Kennametal also announced that its Board of Directors declared a regular quarterly cash dividend of $0.12 per share. The dividend is payable May 25, 2011 to shareowners of record as of the close of business on May 10, 2011.

Wednesday, April 27, 2011

Parker Hannifin reports record Q3 results

Sales increase 24 percent; company raises guidance for year

Diversified manufacturer Parker Hannifin Corporation today reported record results for the fiscal 2011 third quarter ended March 31, 2011. Fiscal 2011 third quarter sales were $3.2 billion, a third quarter record representing an increase of 23.9 percent from $2.6 billion in the same quarter a year ago. Net income was an all-time quarterly record of $281.6 million, an increase of 82.4 percent from $154.4 million in the third quarter of fiscal 2010. Earnings per diluted share for the quarter were also an all-time quarterly record at $1.68, compared with $0.94 in last year's third quarter.

Parker manufactures a number of products ranging from motion and control technologies, hose and accessories such as valves and fittings.

"Our third quarter performance reflects the continued strength that we see across our end markets and regions and our ability to leverage that strength into higher operating margins and record quarterly earnings per share," said Chairman, CEO and President Don Washkewicz. "Customer orders also increased significantly in the quarter. All segments reported a double-digit increase in sales and order levels. Total organic sales increased 21 percent in the quarter with acquisitions contributing 1 percent and currency contributing 2 percent. Margin performance was also a positive as total segment operating margin was a third quarter record of 14.8 percent, led by Industrial North America segment margin of 16.1 percent and Industrial International segment margin of 15.5 percent. Further reflecting our continued strong balance sheet and cash flow, the Board of Directors today approved a 16 percent increase in our quarterly dividend from 32 cents to 37 cents per common share."

In the Industrial North America segment, third quarter sales increased 23.0 percent to $1.2 billion, and operating income was $189.5 million compared with $133.6 million in the same period a year ago.

In the Industrial International segment, third quarter sales increased 29.9 percent to $1.3 billion, and operating income was $199.8 million compared with $109.3 million in the same period a year ago.

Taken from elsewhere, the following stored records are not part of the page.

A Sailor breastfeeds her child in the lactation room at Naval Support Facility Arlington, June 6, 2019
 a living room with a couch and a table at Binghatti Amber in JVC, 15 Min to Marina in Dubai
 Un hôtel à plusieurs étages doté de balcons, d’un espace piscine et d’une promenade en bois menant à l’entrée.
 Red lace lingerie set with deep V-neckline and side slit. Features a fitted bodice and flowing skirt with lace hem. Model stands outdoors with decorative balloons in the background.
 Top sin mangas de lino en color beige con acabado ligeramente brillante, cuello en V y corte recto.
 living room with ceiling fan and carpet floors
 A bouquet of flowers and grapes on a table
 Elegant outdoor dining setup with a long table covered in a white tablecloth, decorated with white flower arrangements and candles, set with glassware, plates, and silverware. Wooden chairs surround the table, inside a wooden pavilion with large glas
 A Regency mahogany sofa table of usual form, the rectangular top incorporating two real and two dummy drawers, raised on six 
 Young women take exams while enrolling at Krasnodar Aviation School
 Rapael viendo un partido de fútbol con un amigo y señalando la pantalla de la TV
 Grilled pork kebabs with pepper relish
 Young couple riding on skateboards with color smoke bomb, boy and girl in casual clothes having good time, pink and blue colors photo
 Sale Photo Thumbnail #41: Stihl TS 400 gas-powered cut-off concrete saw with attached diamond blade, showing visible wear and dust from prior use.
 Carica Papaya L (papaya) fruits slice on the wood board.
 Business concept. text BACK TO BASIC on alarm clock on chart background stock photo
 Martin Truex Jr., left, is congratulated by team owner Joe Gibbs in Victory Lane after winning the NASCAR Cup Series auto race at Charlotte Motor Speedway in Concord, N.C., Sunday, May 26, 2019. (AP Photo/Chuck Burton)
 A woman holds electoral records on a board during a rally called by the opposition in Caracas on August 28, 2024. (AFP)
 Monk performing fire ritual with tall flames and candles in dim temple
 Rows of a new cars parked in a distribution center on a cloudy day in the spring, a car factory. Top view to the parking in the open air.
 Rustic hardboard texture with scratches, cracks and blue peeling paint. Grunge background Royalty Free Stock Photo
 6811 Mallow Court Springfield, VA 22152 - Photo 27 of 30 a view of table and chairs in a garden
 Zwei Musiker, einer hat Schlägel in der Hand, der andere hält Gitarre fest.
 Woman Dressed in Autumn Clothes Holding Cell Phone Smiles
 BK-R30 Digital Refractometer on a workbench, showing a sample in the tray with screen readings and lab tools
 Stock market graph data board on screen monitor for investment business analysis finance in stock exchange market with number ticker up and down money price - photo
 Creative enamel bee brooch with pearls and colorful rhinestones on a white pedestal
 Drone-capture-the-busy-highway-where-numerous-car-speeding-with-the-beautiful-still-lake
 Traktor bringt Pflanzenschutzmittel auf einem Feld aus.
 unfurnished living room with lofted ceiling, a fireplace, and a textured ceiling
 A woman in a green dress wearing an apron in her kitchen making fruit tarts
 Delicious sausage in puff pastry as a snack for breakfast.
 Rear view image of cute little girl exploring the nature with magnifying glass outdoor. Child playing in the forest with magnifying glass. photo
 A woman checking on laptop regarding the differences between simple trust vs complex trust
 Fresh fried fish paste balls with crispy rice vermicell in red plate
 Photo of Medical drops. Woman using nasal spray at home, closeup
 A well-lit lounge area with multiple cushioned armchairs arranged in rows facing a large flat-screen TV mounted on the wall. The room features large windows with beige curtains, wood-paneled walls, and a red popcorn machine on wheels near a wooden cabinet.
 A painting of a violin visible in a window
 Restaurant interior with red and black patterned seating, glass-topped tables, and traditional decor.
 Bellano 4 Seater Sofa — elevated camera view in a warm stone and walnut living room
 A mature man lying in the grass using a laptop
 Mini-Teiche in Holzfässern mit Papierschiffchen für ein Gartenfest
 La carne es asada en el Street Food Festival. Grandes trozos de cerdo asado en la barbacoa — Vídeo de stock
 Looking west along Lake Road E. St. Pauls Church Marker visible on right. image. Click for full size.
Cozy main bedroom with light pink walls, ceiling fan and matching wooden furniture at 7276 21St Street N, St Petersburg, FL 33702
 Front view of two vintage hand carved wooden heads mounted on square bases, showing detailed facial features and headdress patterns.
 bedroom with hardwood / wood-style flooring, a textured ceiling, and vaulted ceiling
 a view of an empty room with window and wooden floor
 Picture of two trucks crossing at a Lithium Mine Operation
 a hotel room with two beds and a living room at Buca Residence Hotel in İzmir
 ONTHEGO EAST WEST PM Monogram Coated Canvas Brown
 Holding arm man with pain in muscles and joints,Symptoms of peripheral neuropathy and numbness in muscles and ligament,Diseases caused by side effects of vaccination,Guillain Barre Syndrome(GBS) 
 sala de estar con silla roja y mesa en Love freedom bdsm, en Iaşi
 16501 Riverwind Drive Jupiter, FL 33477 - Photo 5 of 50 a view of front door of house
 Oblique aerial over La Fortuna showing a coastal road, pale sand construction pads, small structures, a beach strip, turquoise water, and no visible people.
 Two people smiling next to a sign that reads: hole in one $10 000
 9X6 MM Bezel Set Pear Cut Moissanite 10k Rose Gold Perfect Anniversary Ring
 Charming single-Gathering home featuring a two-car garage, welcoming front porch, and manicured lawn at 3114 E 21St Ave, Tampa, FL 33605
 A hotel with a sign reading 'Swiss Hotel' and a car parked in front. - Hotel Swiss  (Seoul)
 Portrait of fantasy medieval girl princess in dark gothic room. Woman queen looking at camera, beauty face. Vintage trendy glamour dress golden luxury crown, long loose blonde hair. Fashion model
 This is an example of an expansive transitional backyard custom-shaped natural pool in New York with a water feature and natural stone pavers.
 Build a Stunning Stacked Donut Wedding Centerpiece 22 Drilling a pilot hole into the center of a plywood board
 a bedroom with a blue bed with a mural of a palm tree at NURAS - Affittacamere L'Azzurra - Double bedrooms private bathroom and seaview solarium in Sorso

In the Aerospace segment, third quarter sales increased 12.1 percent to $503.8 million, and operating income was $69.0 million compared with $49.8 million in the same period a year ago.

In the Climate and Industrial Controls segment, third quarter sales increased 24.9 percent to $264.5 million, and operating income was $22.6 million compared with $16.3 million in the same period a year ago.

The company reported the following orders by operating segment:
• Orders increased 20 percent in the Industrial North America segment, compared with the same quarter a year ago.
• Orders increased 22 percent in the Industrial International segment, compared with the same quarter a year ago.
• Orders increased 44 percent in the Aerospace segment on a rolling 12-month average basis.
• Orders increased 14 percent in the Climate and Industrial Controls segment, compared with the same quarter a year ago.

For fiscal 2011, the company has increased guidance for earnings from continuing operations from the previous range of $5.80 to $6.20 per diluted share to a new range of $6.20 to $6.40 per diluted share.

Washkewicz added, "Our performance year-to-date reflects the ongoing economic recovery and the continued execution of our Win Strategy, now in its tenth year. Parker continues to position itself favorably for continued earnings growth by focusing on premier service to our customers, lean operations and ongoing investments in leading edge innovations across the company. Parker expects to deliver record earnings in fiscal 2011, with a strong order backlog going into fiscal year 2012."